Harninkontinenz
Harninkontinenz oder Blasenschwäche geht oft mit einem Schamgefühl einher. Viele Betroffene reden nicht über Harninkontinenz - auch nicht mit ihrem Arzt. Ohne Behandlung können sich die Ursachen oft über Jahre weiter ausbreiten und die Harninkontinenz verstärken. Dabei ist Blasenschwäche in der Regel behandelbar. Hier lesen Sie mehr über die verschiedenen Formen von Inkontinenz und deren Symptome, Ursachen, Therapie und Selbsthilfe.
Synonyme
Blasenschwäche, Inkontinenz
Definition
Harninkontinenz bezeichnet das Unvermögen, den Harnabgang bewusst zu kontrollieren. Harninkontinenz wird auch als Blasenschwäche bezeichnet. Betroffene entwickeln häufig ein falsches Schamgefühl und ziehen sich aus dem gesellschaftlichen Leben zurück. Harninkontinenz ist jedoch eine Krankheit und kein "Fehlverhalten". Sie kann in jedem Lebensalter auftreten und es gibt keinen Grund, sich dafür zu schämen. Um eine Ausbreitung und Verstärkung der Inkontinenz entgegenzuwirken ist es wichtig, sich an einen Arzt zu wenden. Er wird Ihnen in aller Regel helfen können!
Symptome
Wie das Wort es sagt, ist bei Harninkontinenz die Fähigkeit eingeschränkt oder verloren gegangen, das Wasserlassen zu kontrollieren. In der Regel beginnt Harninkontinenz mit dem tröpfchenweisen ungewollten Abgang von Harn. Es gibt jedoch verschiedene Formen der Harninkontinenz, die sich unterschiedlich bemerkbar machen.

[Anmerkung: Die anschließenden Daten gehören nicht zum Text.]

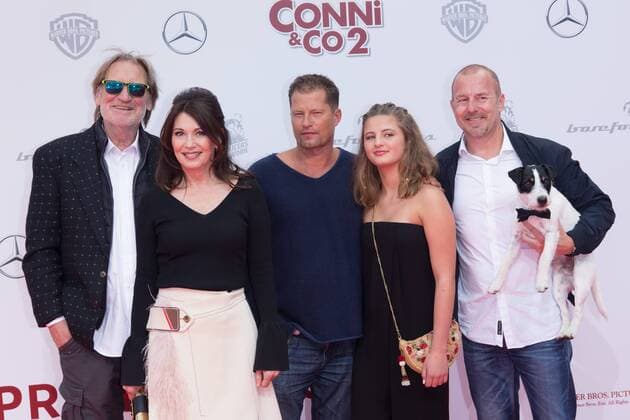 Matthias Habich, Iris Berben, Til Schweiger, Emma Schweiger und Heino Ferch - Weltpremiere Conni und Co 2 - das Geheimnis des T-Rex in Berlin am 09.04.2017. Weltpremiere Conni u. Co 2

Die Formen der Blasenschwäche
- Belastungsinkontinenz: Wie der Name schon vermuten lässt, kommt es nach Belastungen – wie Druck im Bauchraum – zu unwillkürlichem Urinabgang. Auslöser dafür sind Heben schwerer Gegenstände, aber auch Lachen, Husten oder Niesen. Dabei kann der Urin tröpfeln oder im Strahl abgehen. Früher nannte man die Belastungsinkontinenz auch Stressinkontinenz.
- Dranginkontinenz: Bei dieser Inkontinenzform besteht ein plötzlicher, sehr starker Harndrang, obwohl die Blase nur unzureichend gefüllt ist. Betroffene schaffen es häufig nicht mehr zur Toilette und verlieren – zum Teil schwallartig – Urin.
- Mischinkontinenz: Betroffene haben Symptome der Belastungs- als auch der Dranginkontinenz.
- Reflexinkontinenz: Bei der Reflexinkontinenz verspüren Betroffene eine volle Blase nicht mehr. Mitunter können sie auch die Entleerung der Blase nicht mehr willentlich steuern, sodass sich die Blase wiederholt - aber unvollständig - von selbst leert.
- Überlaufinkontinenz: Bei der Überlaufinkontinenz läuft eine volle Blase über. Es tröpfelt also ständig Urin aus der gefüllten Blase. Zudem verspüren die Patienten einen ständigen Harnreiz.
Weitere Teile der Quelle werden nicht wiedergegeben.